Retornamos a la fila de personas que seguían empeñados en subir a los palcos privados, que tenían un precio que se pagaba apenas se ponía un pie en la escalera. Nos acomodamos en el tablado.

Las risas, los gritos, los toros correteando en el ruedo, la banda con su ritmo incansable. Una ternera daba los últimos giros por el ruedo junto a una nube de aspirantes a toreros. Se abrió una puerta al costado y el animal huyó.

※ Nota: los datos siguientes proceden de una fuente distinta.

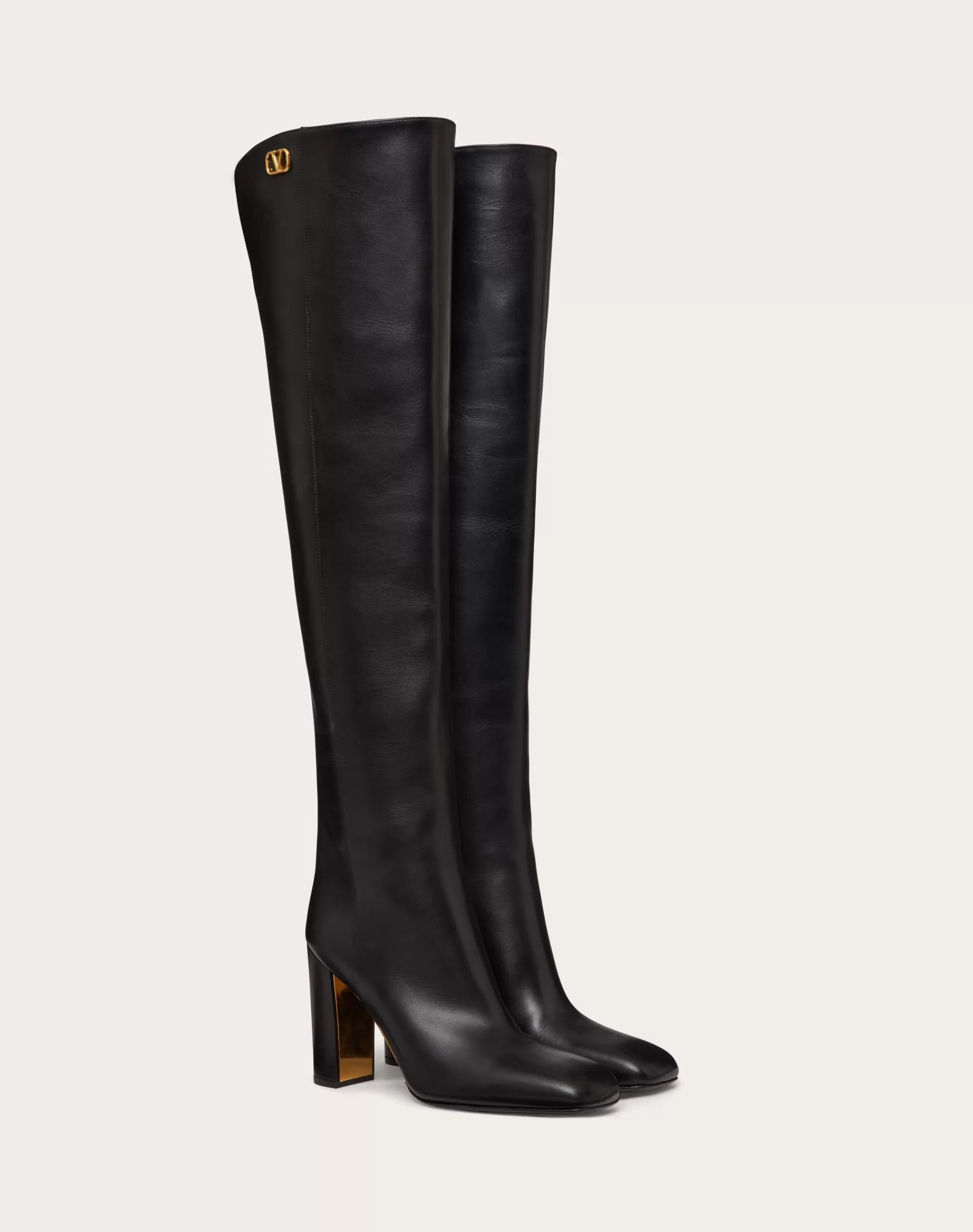 Valentino GARAVANI GOLDEN WALK OVER-THE-KNEE CALFSKIN BOOT 95MM Black Cheap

Se dio un respiro para volvernos a acomodar, cuando la puerta se volvió a abrir y apareció uno de los hombres con los que habían conversado, halando uno de los toros. Sentí que muchos rieron, y otros se quedaron en silencio. En una ceremonia breve, zafó la soga de los cuernos, y como dándole una orden le dijo; ¡Mata toro!

El toro se sintió libre y raspó el suelo. Los toreros, muchísimos de ellos, se subieron a la barrera. En un instante, envistió el toro y como una tromba, a su paso, arrolló a muchos; volaban por el aire como muñecos, y, los demás, no atinaban como esquivarse de la arremetida.

Luego de esta primera corrida, no quedó nadie dentro del ruedo. La banda que se había callado del susto, pero repuestos, volvieron a entonar sus instrumentos. El trago y la chicha pasaron por los guargüeros, raspando al susto.

No llevé la cuenta de cuantos atrevidos fueron tomados por la furia del toro. Ya no había quien le haga frente, porque el que entraba era zarandeado penosamente.

El toro bufaba aquerenciado. Se abrió la puerta y el toro se alistó a atacar. Salió el mismo salasaca con la soga en la mano. Se hizo un silencio profundo, y la imaginación voló como, de seguro iba a volar el atrevido.

El animal quiso arrancar y, el hombre, algo le dijo en su lengua materna, y el toro se detuvo en seco. Se acercó y le puso la soga en los cuernos y, los dos, se perdieron a paso lento, por la misma puerta de la querencia. 

Los salasacas dueños de los toros y con los que conversamos esa tarde ya lejana, eran; Manuel Chimbo y Juan Masache Culqui.